Шрифт:
Интервал:
Закладка:
Потеплело. Поляны на угорах, что склоном к западу, оголились. Кропит мелкий промозглый дождь. Не разглядишь его, не ощутишь, а узнаешь о нём, если только вдаль, на ельник к примеру, или тут где, на тёмное, под стреху, глянешь – словом, на то, что фоном его выдаст. Верное имя такому дождю: морось – будто прежде оно родилось, это имя, а потом уж – он, дождь такой, именем завладев, под него и подстроившись. До неба рукой подать, скворечники, что поголенастей, те уже там, на небе, сырости наглотались, порой и из виду скроются, одна лишь жердь от них торчит – так оно, небо, близко. Слышен гогот диких гусей запоздавших, а косяк сам не виден. И – отчётливо крик вожака ведомым: подтянитесь, други, дескать, Каменск-Кемский пролетаем. У распахнутых, подпёртых поленьями – чтобы не болтались и не скрипели, с ветром судача или споря, – снегом вчерашним облипших ворот, к кольцу на верее вожжами привязанный, конь стоит, запряжённый в телегу. Старый конь, понурый, копытом не бьёт, в нетерпении грязь не месит, только кожей то и дело подрагивает: стынет спина от мокрого, соберётся вода у хребта, в пах побежит – раздражает; да ушами прядёт, но это уж так, наверное, по летней привычке оводов отпугивать.
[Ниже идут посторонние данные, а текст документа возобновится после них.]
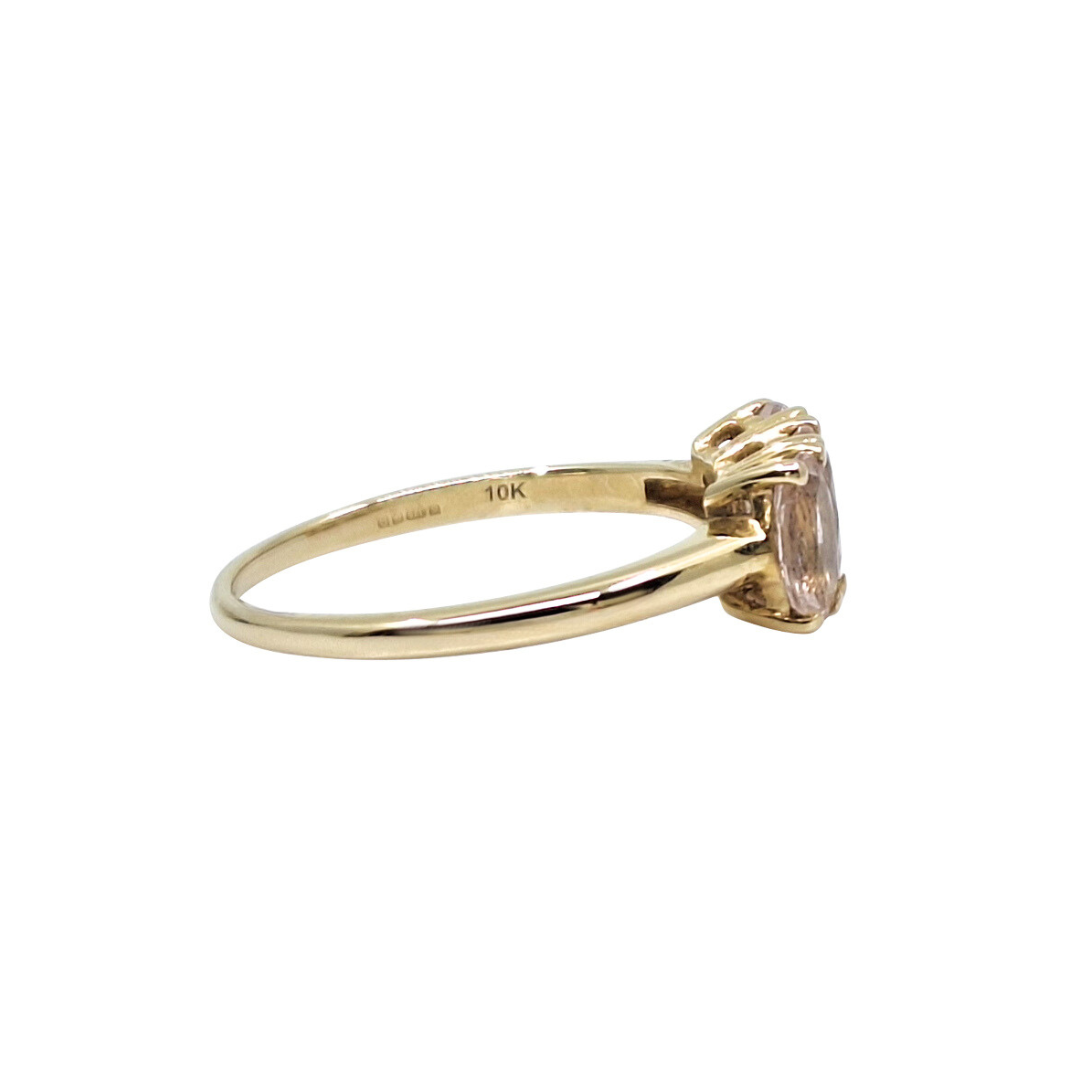 9ct Yellow Gold Pink Gemstone Three Stone Ring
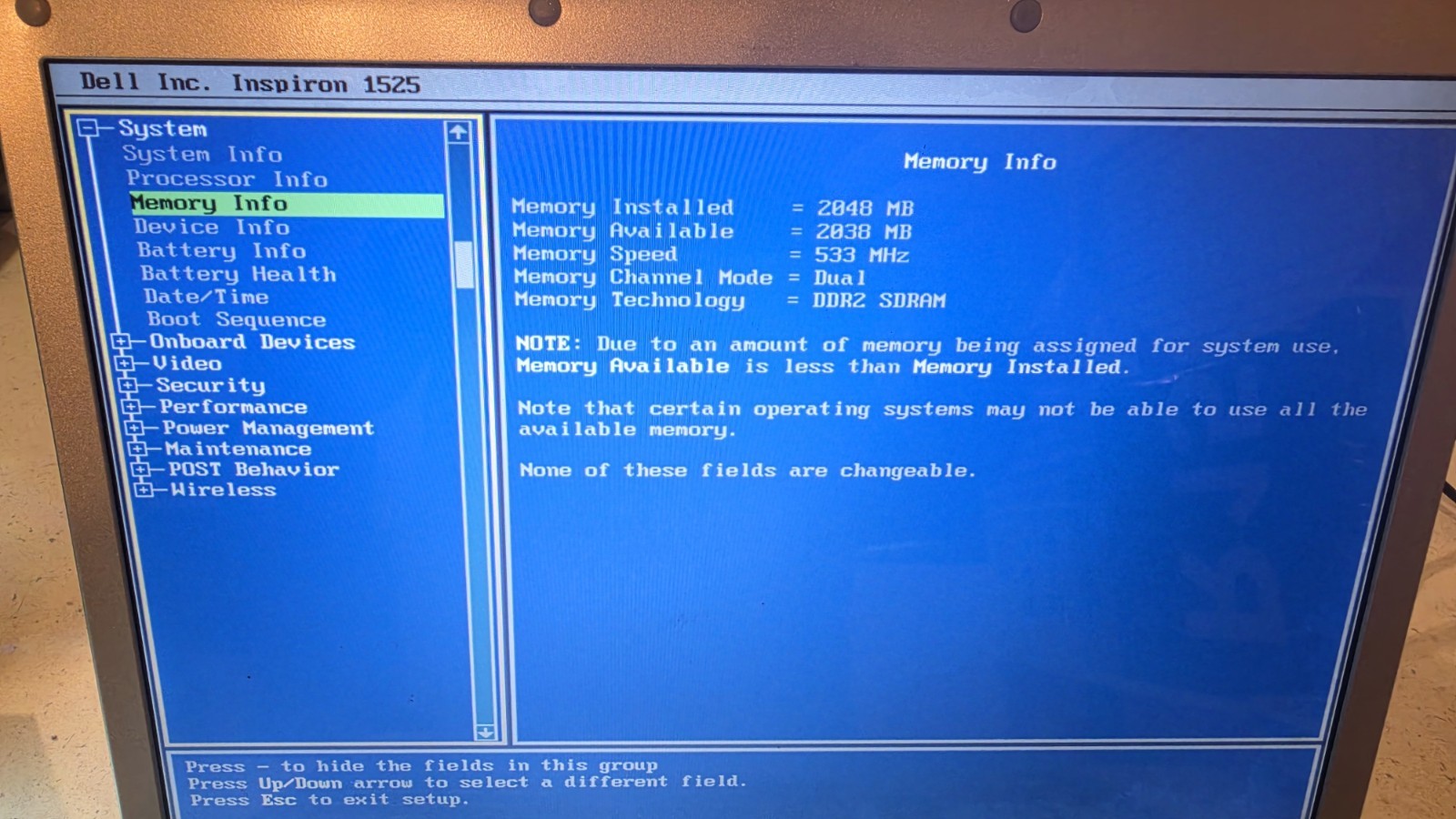 DELL INSPIRON 1525 – BOOTS TO BIOS – INTEL CORE 2 DUO – 2GB RAM – READ DESC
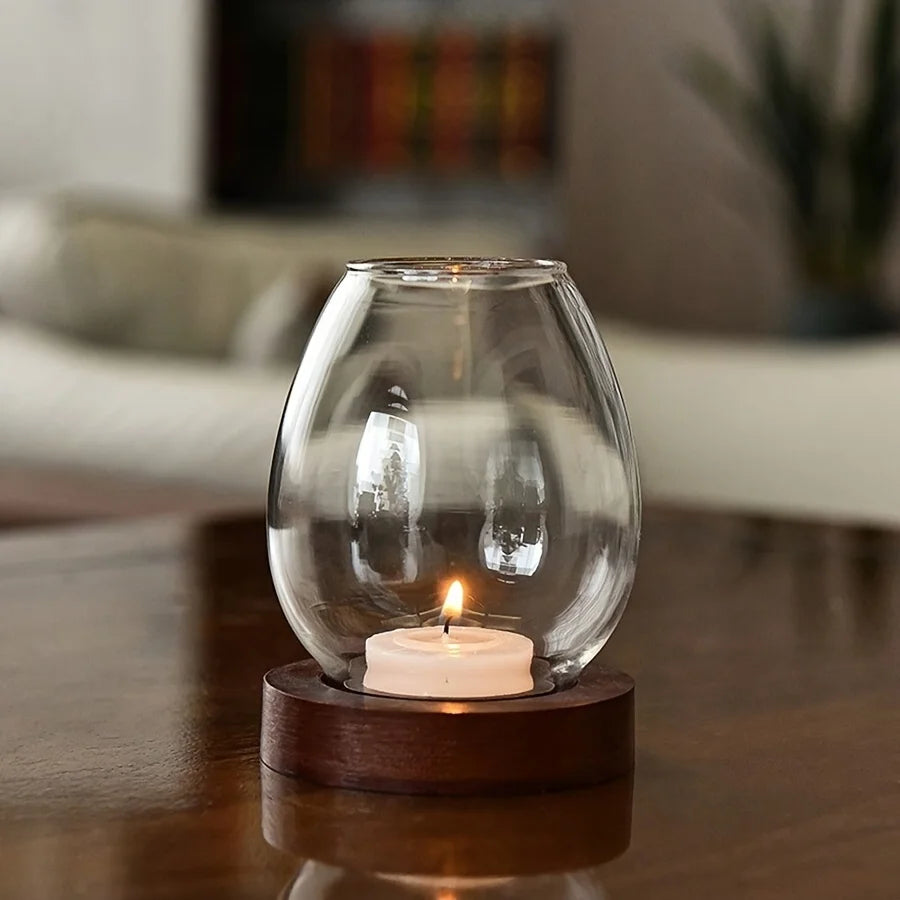 Glass Candle Holder with Wooden Base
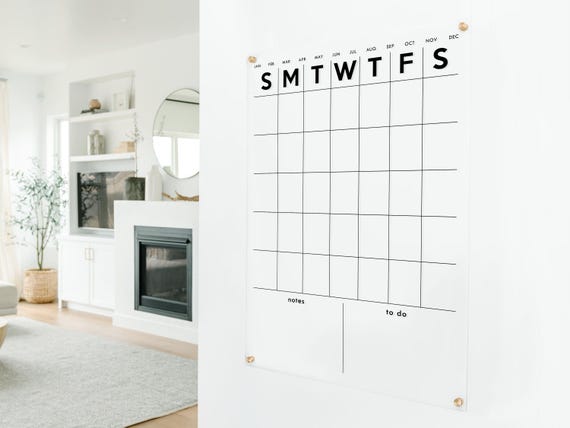 Minimalist Acrylic Wall Calendar, Monthly Dry Erase Family Command Center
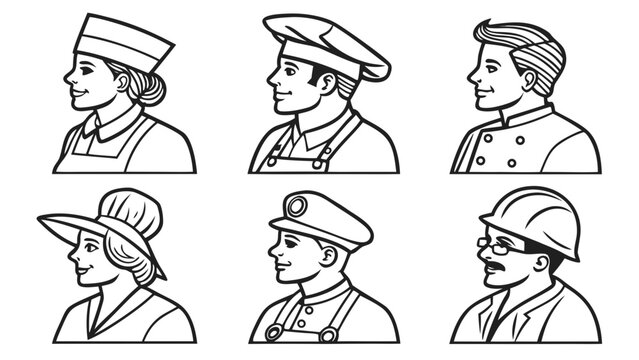 Six people wearing different hats and uniforms are illustrated.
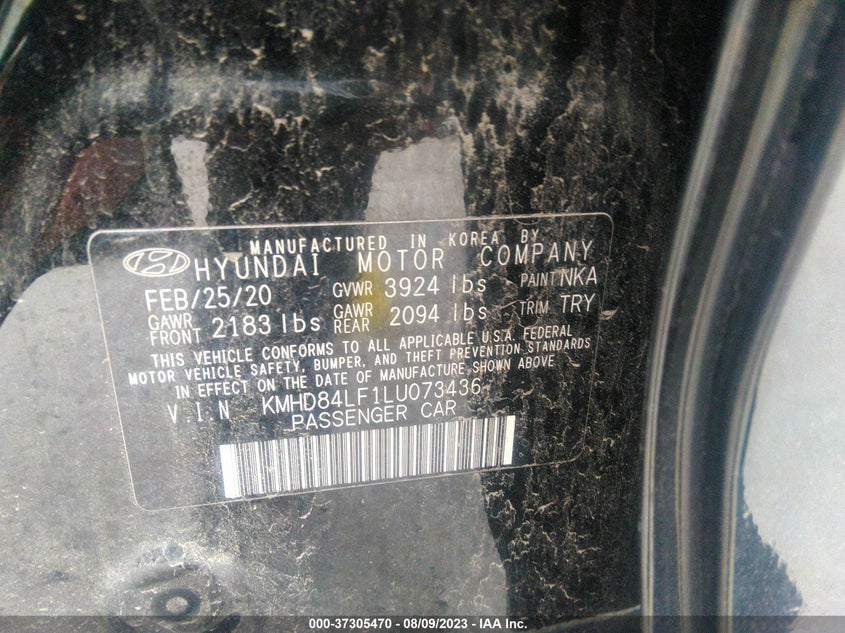 VIN KMHD84LF1LU073436 2020 HYUNDAI ELANTRA VALUE EDITION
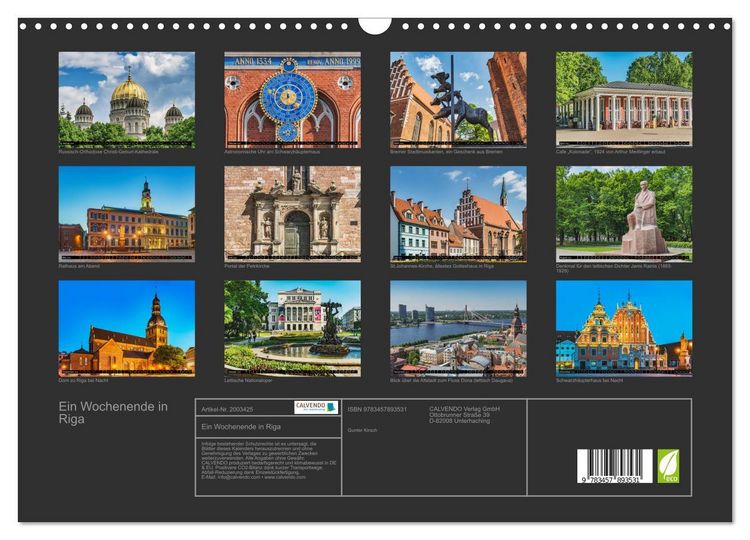 Produktbild: Ein Wochenende in Riga (Wandkalender 2026 DIN A3 quer), CALVENDO Monatskalender
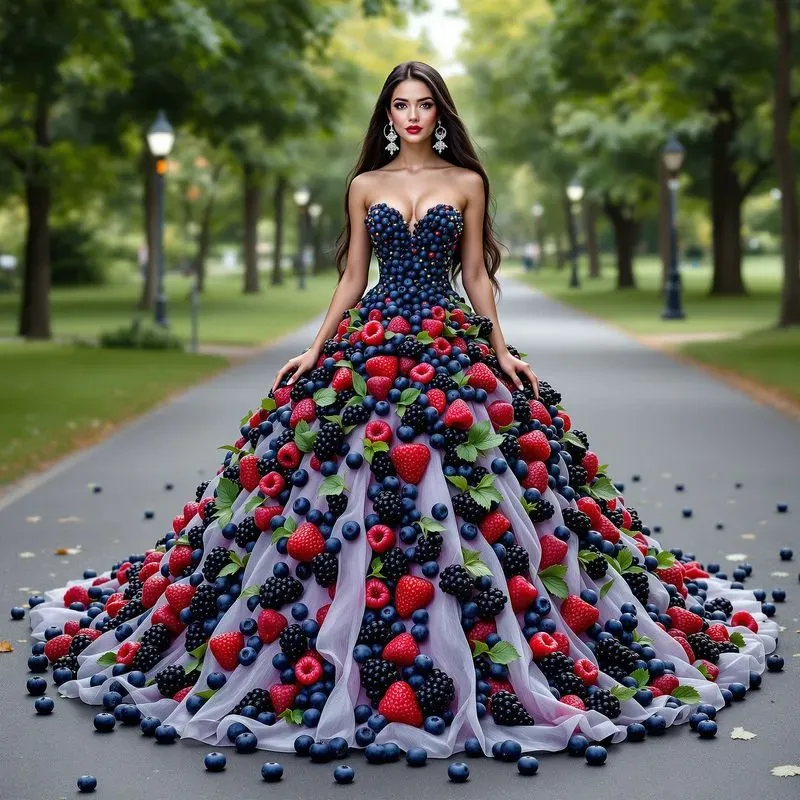 Girls Models In Dresses Made Of Food
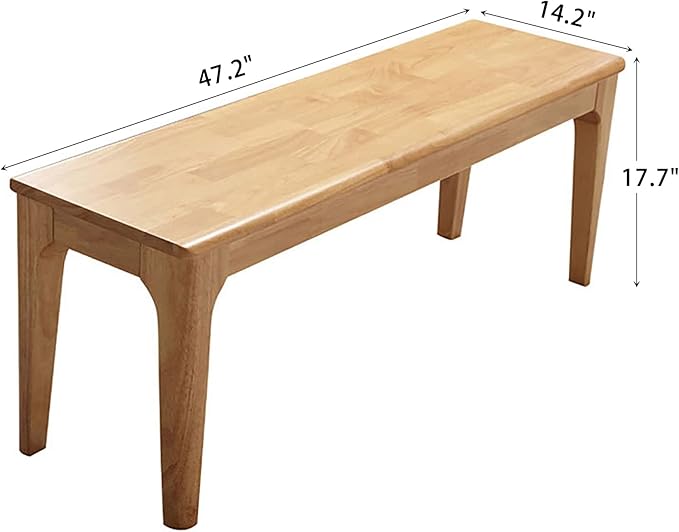 Dining Bench Wood Solid Oak Wooden Bed End＆Entryway Bench for Bedroom Living Room Kitchen(Natural)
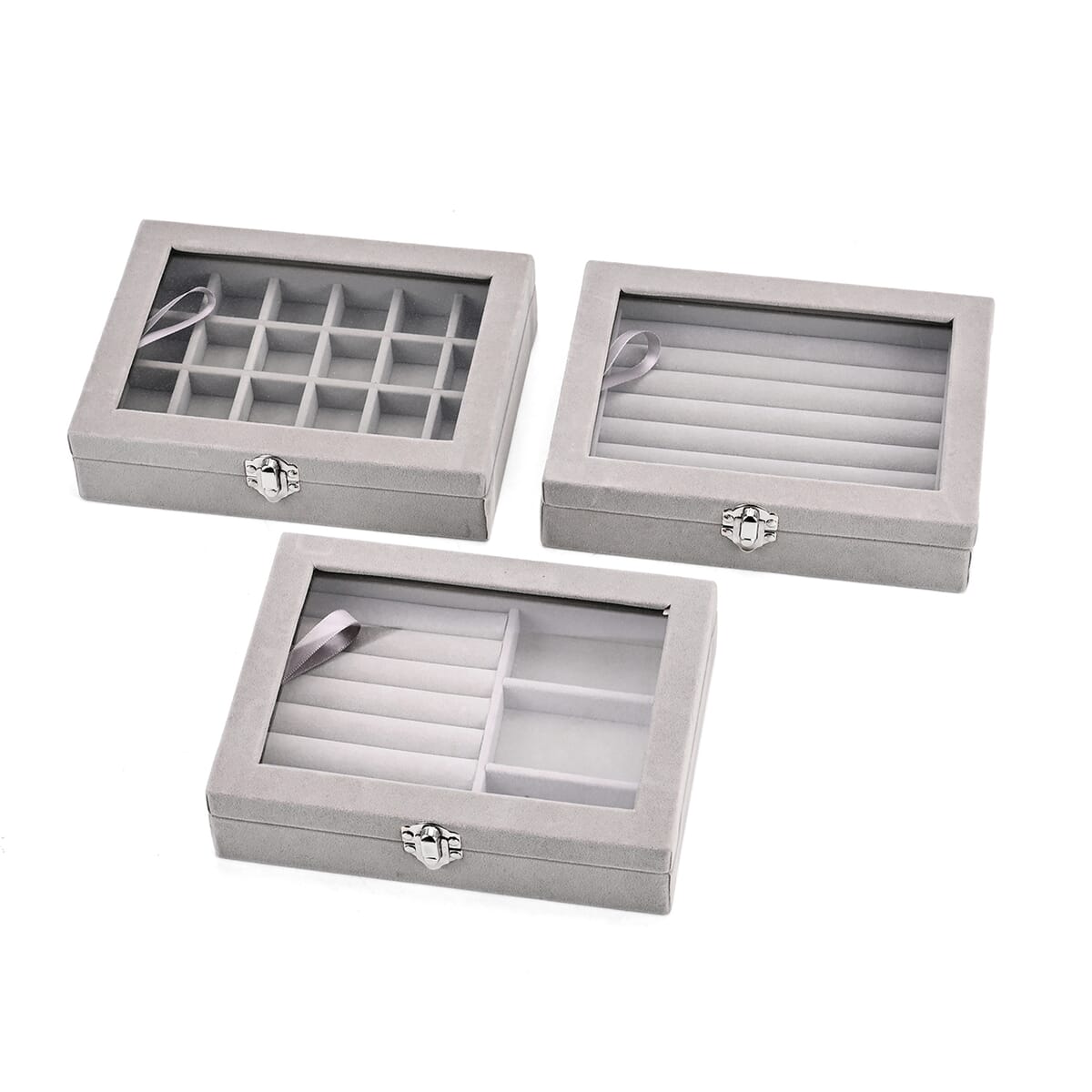 Set of 3 Gray Anti Tarnish Velvet and MDF Jewelry Box image number 5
– Серко его зовут, Серко, – подъехав, сказал Фанчик и добавил, как о своём: – Хороший конь, смирный, я уж с ём маленько побалакал, не выкомариват, – и в избу после этих слов подался Фанчик, там помощь его нужна. Выпросил Фанчик коня у пчеловода, не хотел, говорит, давать, никак не соглашался, что бы ни сулил ему Фанчик, чужой пчеловод, нездешний, санного пути ждёт в Каменске, чтобы на Сым к кержакам отправиться – родня там у него, дочь замужем, но узнал, зачем надобен, услышал, кто умер, без разговоров уж после, и телегу сам предложил, и сказал ещё в сопутствие: Царство ему, мол, Небёсное, добрый был человек, а уж что честный, дак до буквы каждой точно. На телеге воз лап пихтовых – зелёной копной высятся, капли искорками на хвое смолистой; не растут, не тяжелеют капли, так меленькими и сохраняются – не стряхнуть их, только высушить, но это к слову, без нужды. У собак «свадьба» нынче, брачный разгул, драку возле дома затеяли, взял кто-то палку, стал их отгонять – одна сука лишь в трезвом уме: побежала неловко, кобеля на себе повезла, а тот – что и поехал, вряд ли понял. И свора вся следом – шерсть на загривках дыбом, хвосты друг с другом в перебранке, соперник сопернику рык да оскал – нет нынче до людей им никакого дела.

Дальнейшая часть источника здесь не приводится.